The N3 was busy and the fast lane was infested with twerps bumbling along at 123km/h so it was an easy decision to leave the freeway on the far side of Heidelberg and follow the rural roads to Balfour and Grootvlei. The road in the vicinity of the Grootvlei power station used to be a diabolical potholed death trap but these days it’s in reasonable condition because 26 wheel, 50 ton, interlink behemoths use the road to carry coal to the power station and the road is regularly maintained. South of the silos at Leeuspruit the R51 runs parallel to the N3. I set cruise control at maximum, 160km/h, and relaxed in the saddle as the XT bombed along with the mill spinning at an effortless 6000rpm.

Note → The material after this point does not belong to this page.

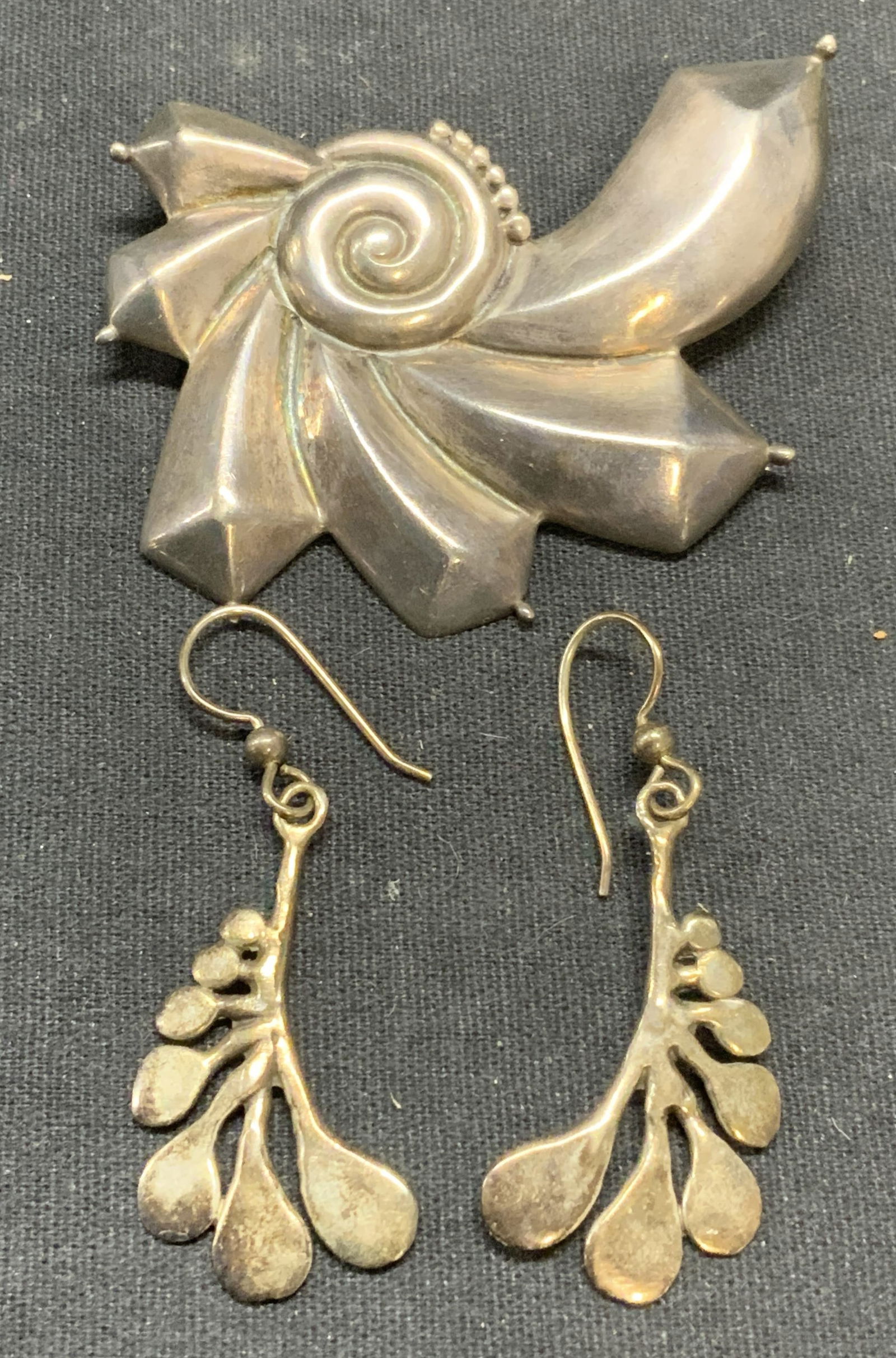 Lot 2 Sgn Sterling Silver Brooch, Mexico, More (1 of 7)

Paradoxically back roads are much faster than N routes because you don’t have to worry about cops and their revenue generating cameras. In Villiers I thought for a brief moment about hauling down the N3 but sanity prevailed. As I crossed the Vaal River I hooked left and then right onto the R103 and rode at speed past Cornelia and thence to Warden.

My objective for the weekend was to ride a lap around Lesotho. Warden was the start and end point of that lap and I was looking forward to riding mountainous terrain for the rest of the weekend. I stopped in Harrismith for breakfast and fuel. The XT proved to be remarkably fuel efficient. Home to Harrismith was 295km and the 20 litre tank took 18.2 litres yielding frugal consumption figures of 16.2km/l. It was just before 09:00 when I left Harrismith and I would have to be quick if I wanted to make Kokstad, approximately 450km distant, by 13:00. Past Sterkfontein Dam I rode at 180km/h, stopped at the summit of Oliviershoek Pass for photos, belted down the pass and made excellent time to Bergville, Winterton and Estcourt with the mighty ramparts of the Drakensberg looming large on the western horizon. On the N3 from Estcourt to Mooi River I had to decide whether to stay on the freeway or to ride the R103 through Rosetta, Nottingham Road and Lions River to Howick. On any other day I would have chosen the R103 for its scenery and challenging back roads riding but it would have taken 30 minutes longer than the N3. Between Mooi River and Howick I saw three manned speed traps and as many static cameras and half a dozen marked patrol cars. This was zero tolerance country. I cruised the N3 like a law abiding citizen and with some relief left the freeway south of Howick and followed the R617 southeast into the foothills of the Drakensberg.